On pouvait donc tenir le sujet pour clos. Mais c’était sans compter avec Jill Stein, candidate écologiste (1 % des suffrages), qui est parvenue à recueillir les cinq millions nécessaires à financer le recomptage des voix dans le Wisconsin, le Michigan et la Pennsylvanie, trois États dans lesquels il y aurait suspicion quant au bon déroulement du vote, surtout quand il était électronique.

D’abord réticente, l’équipe de Hillary Clinton a décidé de s’associer à cette démarche. Il est compréhensible qu’elle puisse l’avoir mauvaise, ayant devancé son adversaire de plus de deux millions de voix : 66.905.979 contre 64.688.451, pour être plus précis.

Il n’empêche que, le 8 novembre dernier – système américain oblige -, obtenait 306 grands électeurs, contre seulement 232 pour Hillary Clinton. Au-delà d’une triche éventuelle, d’autres acteurs de la politique d’outre-Atlantique réclament la réforme d’un système des plus complexes, voire rigoureusement incompréhensible en nos contrées.

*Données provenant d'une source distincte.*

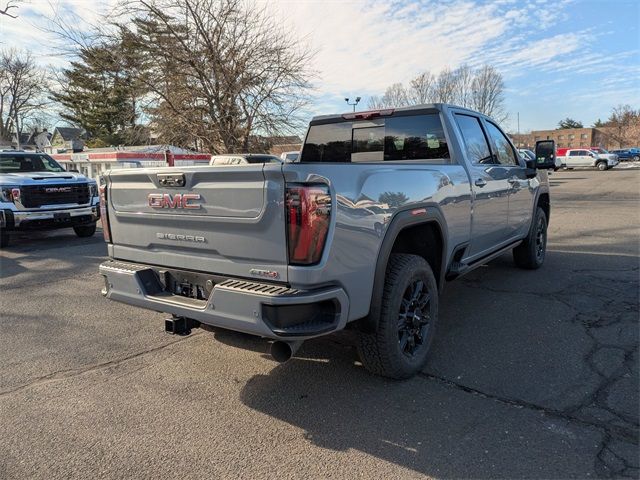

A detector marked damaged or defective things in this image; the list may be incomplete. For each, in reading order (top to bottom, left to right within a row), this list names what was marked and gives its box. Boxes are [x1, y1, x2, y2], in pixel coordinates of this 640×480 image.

Déjà, en 2000, l’élection présidentielle suscitait pareille polémique. Avec 50.456.002 voix, le républicain George W. Bush recueillait moins de voix que le démocrate Al Gore (50.999.897), mais s’assurait le soutien de 271 grands électeurs, pour seulement 266 à son rival malheureux. Là, les soupçons de fraude, en Floride surtout, étaient déjà amplement plus avérés, tout comme en 1960, quand Richard Nixon estimait, non sans raison, que John Fitzgerald Kennedy lui avait volé la victoire ; il est un fait, aujourd’hui de notoriété publique, que la Mafia avait été des plus actives dans l’Illinois pour donner un petit coup de pouce à l’élection.

Mais à ces deux occasions, aucune action publique n’avait été diligentée pour tenter de refaire le match : si tel était le cas dans les jours à venir, il s’agirait donc d’une grande première. Ainsi, ces fameux grands électeurs se réuniront-ils le 19 décembre pour officialiser l’élection du nouveau président. Simple formalité, a priori, mais qui sait ?

Après, il est toujours possible de gloser sur les bizarreries du processus électoral américain. On remarquera, pourtant, qu’en plus de deux siècles, jamais il ne fut remis en cause, stabilité constitutionnelle qui devrait nous amener à plus de modestie, nous qui, dans le même laps de temps, avons connu cinq Républiques (six en comptant celle de Vichy), deux Empires et le retour de trois rois…

Au fait, lors des législatives de 2012, avec 9.420.889 voix, le Parti socialiste obtenait 258 élus, alors que le Front national, lui, même fort de 3.528.633 bulletins de vote, ne décrochait que… deux députés. Ceux qui, en France, évoquent un déni de démocratie aux USA seraient peut-être bien inspirés de prendre un peu repos. Car, après tout, il n’y a pas que la politique dans la vie. Tenez… Jacques Chirac et les arts premiers, Dominique Strauss-Kahn et la pêche aux moules, pour ne citer que ces deux exemples.